Brendan O’Neill, da Migrant Justice, disse que a ONG escolheu como parceira a Ben & Jerry’s por essa empresa já trabalhar com café com certificação de comércio justo e ovos de galinhas criadas soltas. “Nós achamos que eles também podem fazer mais pelos funcionários do setor de laticínios”.
Na Carolina do Norte, o Farm Labor Organizing Committee [Comitê pela Organização do Trabalho Rural] pressiona a empresa R.J. Reynolds e produtores de fumo a chegar a um acordo para acelerar a sindicalização de trabalhadores.
Na Califórnia, a Oxfam norte-americana, o clube de descontos Costco e um sindicato de trabalhadores criaram a Equitable Food Initiative [Iniciativa do Alimento Justo] para atender às preocupações do consumidor de que os produtos hortifrutigranjeiros sejam seguros e produzidos sem exploração da mão de obra.
Na Flórida, a Coalition of Immokalee Workers [Coalizão dos Trabalhadores de Immokalee] convenceu McDonald’s, Walmart, Burger King e outras empresas a exigir que os plantadores de tomate melhorem os salários e as condições de 30 mil trabalhadores.
Greg Asbed, um dos fundadores do grupo de Immokalee, afirmou que esse programa será ampliado para mais dez mil trabalhadores, começando pelos produtores de pimenta da Flórida. O Walmart tomou a frente levando o acordo além do Estado, exigindo que fornecedores de tomate na Geórgia, Carolina do Sul e Virgínia também o adotem.
Margaret Gray, autora do livro “Labor and the Locavore”, sobre trabalho rural, elogiou a iniciativa de Immokalee e de outros movimentos, mas disse que essa ajuda não basta. O salário médio do trabalhador rural nos Estados Unidos é de US$ 9,17 (aproximadamente R$ 29) por hora.

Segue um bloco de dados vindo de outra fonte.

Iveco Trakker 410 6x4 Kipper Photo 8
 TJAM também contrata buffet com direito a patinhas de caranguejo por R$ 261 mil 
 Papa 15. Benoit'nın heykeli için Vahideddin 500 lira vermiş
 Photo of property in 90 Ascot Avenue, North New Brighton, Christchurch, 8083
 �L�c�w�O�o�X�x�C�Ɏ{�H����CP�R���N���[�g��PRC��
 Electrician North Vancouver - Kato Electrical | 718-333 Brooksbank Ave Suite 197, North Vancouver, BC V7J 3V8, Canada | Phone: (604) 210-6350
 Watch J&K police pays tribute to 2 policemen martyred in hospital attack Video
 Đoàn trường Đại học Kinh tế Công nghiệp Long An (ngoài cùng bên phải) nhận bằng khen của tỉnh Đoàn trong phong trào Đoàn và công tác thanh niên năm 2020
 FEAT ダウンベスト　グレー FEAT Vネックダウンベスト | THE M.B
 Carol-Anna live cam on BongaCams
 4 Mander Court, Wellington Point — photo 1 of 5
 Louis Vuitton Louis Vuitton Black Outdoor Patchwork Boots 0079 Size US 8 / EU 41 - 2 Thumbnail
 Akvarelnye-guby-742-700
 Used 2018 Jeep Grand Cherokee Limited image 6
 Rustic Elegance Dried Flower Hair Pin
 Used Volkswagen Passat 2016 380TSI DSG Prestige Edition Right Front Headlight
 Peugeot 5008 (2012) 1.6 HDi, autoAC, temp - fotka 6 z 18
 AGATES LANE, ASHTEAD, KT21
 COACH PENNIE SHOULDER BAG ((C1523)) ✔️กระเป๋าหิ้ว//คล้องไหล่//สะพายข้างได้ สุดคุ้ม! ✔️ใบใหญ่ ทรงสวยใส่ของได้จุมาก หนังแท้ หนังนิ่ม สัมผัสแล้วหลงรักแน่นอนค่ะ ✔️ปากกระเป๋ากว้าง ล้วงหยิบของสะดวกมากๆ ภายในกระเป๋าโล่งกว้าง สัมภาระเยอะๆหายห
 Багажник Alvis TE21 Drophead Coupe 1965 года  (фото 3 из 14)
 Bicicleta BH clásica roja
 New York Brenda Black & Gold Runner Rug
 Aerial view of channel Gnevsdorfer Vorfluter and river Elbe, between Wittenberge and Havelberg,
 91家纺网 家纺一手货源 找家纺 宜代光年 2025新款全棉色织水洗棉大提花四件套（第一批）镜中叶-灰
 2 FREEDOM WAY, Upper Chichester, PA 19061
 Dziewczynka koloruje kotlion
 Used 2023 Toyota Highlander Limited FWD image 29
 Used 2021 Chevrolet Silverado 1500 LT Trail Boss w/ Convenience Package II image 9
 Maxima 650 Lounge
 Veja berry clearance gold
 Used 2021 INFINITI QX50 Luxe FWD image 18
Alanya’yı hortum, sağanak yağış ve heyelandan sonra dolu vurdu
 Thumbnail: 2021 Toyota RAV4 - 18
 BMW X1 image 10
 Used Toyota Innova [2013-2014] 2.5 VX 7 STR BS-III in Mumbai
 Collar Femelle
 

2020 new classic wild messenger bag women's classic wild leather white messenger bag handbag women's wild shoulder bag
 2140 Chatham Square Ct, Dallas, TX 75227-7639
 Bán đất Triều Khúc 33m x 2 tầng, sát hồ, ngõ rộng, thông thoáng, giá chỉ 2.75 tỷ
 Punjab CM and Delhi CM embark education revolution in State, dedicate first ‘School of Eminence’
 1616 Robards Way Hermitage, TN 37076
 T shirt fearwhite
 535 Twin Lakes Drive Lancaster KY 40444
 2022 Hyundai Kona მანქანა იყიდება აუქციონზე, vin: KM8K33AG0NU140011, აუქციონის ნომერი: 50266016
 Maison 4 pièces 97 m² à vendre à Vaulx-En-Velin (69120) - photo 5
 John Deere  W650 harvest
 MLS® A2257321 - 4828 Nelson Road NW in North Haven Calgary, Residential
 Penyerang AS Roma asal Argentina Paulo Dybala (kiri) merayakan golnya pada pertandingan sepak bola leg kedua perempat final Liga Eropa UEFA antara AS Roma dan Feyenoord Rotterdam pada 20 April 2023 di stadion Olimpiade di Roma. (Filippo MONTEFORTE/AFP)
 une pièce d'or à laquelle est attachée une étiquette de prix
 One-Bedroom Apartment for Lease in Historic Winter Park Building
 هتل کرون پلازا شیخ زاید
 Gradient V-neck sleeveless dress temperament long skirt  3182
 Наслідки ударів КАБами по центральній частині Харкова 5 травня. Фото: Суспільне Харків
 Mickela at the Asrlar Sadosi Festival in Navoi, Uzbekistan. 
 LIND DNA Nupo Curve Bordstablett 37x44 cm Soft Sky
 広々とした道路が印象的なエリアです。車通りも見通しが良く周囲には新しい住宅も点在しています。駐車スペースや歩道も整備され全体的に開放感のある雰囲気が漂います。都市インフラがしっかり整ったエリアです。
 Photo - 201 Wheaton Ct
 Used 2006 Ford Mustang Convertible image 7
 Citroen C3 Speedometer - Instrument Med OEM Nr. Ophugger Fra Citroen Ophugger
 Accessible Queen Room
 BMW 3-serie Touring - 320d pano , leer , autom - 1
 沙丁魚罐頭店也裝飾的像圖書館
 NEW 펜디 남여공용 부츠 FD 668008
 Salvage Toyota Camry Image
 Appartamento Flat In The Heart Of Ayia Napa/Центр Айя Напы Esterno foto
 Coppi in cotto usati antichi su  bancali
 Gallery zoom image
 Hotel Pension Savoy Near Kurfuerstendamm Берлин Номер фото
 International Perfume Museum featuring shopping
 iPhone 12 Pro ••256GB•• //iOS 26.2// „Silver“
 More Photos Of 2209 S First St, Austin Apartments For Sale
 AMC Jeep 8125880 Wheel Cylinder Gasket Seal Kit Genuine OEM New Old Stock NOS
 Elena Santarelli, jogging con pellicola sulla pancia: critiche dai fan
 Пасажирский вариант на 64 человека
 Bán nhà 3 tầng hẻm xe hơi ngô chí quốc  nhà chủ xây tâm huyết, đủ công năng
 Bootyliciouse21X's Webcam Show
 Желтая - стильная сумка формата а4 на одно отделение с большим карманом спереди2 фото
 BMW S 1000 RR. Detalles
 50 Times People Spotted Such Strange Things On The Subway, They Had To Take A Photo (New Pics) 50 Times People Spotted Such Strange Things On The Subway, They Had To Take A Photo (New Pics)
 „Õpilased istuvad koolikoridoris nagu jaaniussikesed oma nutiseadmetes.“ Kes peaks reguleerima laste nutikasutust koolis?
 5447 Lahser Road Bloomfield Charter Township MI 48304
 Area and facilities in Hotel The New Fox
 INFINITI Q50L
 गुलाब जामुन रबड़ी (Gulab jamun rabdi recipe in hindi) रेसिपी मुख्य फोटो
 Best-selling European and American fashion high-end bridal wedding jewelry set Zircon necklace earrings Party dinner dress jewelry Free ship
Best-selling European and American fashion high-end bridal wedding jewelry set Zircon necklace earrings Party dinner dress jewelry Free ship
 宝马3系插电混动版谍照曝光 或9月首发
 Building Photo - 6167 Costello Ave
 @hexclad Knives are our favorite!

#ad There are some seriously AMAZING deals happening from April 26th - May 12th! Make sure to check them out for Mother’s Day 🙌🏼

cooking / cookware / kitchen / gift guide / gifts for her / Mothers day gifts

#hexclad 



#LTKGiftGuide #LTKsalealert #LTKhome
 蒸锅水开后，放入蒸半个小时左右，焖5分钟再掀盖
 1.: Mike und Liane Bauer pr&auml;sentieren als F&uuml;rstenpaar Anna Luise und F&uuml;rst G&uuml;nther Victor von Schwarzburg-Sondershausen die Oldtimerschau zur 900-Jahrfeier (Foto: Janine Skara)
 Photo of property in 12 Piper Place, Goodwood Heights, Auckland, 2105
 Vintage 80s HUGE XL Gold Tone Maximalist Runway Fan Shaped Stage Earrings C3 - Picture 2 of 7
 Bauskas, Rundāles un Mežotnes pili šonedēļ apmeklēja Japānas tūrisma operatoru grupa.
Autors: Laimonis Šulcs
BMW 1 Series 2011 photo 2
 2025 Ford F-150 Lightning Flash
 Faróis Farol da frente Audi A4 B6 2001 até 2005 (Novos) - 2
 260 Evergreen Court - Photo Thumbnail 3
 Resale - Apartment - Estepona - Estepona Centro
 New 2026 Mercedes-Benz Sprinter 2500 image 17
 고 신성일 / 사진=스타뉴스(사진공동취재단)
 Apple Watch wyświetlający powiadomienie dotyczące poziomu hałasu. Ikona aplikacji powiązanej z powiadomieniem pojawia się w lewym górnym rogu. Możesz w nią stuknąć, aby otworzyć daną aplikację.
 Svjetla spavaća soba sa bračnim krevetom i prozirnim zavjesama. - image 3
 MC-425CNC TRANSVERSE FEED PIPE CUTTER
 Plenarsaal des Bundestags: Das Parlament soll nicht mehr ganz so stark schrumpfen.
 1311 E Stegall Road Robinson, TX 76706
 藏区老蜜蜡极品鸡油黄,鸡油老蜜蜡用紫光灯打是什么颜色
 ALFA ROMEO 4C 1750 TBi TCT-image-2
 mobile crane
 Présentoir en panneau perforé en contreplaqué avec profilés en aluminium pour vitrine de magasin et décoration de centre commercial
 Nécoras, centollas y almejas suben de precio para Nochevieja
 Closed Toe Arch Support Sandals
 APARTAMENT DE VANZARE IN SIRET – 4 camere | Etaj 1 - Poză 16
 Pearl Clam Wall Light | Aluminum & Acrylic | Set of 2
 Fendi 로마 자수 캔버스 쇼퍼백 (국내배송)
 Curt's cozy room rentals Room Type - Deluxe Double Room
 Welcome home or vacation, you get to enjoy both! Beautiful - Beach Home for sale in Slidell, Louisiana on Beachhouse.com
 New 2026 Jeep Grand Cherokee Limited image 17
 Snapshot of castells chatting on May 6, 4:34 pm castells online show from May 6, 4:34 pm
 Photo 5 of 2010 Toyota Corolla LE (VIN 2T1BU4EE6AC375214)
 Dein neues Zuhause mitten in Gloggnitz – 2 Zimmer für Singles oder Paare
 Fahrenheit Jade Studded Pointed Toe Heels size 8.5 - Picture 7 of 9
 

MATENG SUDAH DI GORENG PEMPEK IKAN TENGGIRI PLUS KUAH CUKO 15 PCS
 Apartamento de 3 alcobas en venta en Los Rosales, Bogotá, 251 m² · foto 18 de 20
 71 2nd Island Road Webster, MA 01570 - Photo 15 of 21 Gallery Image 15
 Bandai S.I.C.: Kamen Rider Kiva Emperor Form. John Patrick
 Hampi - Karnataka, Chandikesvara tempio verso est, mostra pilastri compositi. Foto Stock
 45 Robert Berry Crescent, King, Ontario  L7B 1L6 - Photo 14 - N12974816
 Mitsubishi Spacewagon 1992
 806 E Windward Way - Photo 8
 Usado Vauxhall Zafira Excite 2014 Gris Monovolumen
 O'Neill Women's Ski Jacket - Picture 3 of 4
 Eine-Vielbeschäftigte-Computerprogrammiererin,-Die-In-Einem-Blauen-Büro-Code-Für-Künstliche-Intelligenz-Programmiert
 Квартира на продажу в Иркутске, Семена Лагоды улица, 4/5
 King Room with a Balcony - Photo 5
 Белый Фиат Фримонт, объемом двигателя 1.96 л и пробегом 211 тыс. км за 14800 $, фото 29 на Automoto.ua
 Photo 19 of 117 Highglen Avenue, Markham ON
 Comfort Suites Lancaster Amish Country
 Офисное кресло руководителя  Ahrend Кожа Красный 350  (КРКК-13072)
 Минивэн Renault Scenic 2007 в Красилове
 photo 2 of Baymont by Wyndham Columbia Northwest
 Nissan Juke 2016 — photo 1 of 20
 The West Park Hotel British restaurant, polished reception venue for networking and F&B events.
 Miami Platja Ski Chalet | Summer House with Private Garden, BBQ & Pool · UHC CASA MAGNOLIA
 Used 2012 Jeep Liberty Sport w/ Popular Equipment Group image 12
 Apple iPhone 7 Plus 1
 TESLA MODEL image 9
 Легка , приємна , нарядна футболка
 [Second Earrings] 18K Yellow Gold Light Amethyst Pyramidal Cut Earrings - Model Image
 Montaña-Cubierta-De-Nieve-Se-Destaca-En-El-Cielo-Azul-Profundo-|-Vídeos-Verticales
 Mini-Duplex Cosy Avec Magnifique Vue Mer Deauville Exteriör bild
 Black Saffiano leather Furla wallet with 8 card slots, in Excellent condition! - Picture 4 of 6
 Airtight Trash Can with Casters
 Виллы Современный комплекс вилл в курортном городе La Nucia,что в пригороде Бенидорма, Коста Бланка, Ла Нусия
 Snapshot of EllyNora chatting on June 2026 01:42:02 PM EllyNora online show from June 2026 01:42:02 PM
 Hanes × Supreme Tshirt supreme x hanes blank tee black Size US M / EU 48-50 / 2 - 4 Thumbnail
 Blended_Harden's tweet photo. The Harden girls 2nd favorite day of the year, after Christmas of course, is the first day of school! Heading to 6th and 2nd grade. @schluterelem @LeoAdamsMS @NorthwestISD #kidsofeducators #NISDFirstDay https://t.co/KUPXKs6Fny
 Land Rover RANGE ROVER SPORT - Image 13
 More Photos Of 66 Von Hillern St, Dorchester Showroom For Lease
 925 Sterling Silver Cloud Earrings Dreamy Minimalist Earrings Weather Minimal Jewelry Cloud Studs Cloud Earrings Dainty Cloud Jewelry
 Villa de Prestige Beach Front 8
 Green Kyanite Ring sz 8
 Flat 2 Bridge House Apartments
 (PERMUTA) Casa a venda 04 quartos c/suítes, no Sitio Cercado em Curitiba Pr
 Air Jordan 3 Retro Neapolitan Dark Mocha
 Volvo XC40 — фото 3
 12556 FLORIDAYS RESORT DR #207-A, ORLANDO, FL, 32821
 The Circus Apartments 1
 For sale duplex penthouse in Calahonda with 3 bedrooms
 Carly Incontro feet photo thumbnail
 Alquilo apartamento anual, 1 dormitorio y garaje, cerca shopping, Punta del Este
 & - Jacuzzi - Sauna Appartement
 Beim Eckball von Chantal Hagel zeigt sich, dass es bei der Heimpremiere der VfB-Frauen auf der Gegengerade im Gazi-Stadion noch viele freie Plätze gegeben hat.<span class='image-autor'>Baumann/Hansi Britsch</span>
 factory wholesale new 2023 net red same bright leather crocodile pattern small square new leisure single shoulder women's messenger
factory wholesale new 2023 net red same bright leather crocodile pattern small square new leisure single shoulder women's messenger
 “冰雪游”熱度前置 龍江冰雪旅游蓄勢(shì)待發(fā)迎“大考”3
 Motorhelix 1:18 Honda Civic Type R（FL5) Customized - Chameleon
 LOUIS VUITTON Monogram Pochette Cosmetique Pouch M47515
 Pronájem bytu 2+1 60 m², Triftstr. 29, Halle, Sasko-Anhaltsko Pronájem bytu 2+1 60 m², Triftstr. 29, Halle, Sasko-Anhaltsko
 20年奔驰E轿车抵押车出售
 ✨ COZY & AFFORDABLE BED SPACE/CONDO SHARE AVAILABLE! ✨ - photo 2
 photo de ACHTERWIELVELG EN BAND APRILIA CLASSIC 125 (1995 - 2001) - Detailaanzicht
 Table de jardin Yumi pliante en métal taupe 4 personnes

A Migrant Justice pressiona a Ben & Jerry’s desde dezembro, solicitando não só que a sorveteria estabeleça um código de conduta, como também que bonifique os produtores que atingirem padrões elavados, permitindo que eles paguem mais aos seus trabalhadores.
Em 19 de junho, um dia antes dos protestos em Burlington e em outras 16 cidades, a Ben & Jerry’s assinou um acordo com a ONG, prometendo criar um código de conduta. Segundo os organizadores, os protestos aconteceram para não aliviar a pressão sobre a empresa.
Ramirez supervisiona a ordenha de 240 vacas durante seu turno. Ele ganha apenas US$ 9 por hora, menos do que o salário mínimo de Vermont, de US$ 9,15.
Os trabalhadores rurais não estão protegidos pela maioria das leis salariais americanas. “Gosto do trabalho, mas não é um ambiente justo”, disse Ramirez, que trabalha cerca de 70 horas semanais. “Tive apenas seis dias de folga em meus quatro anos e meio aqui, na maioria dos casos porque tive de ir ao consulado guatemalteco.”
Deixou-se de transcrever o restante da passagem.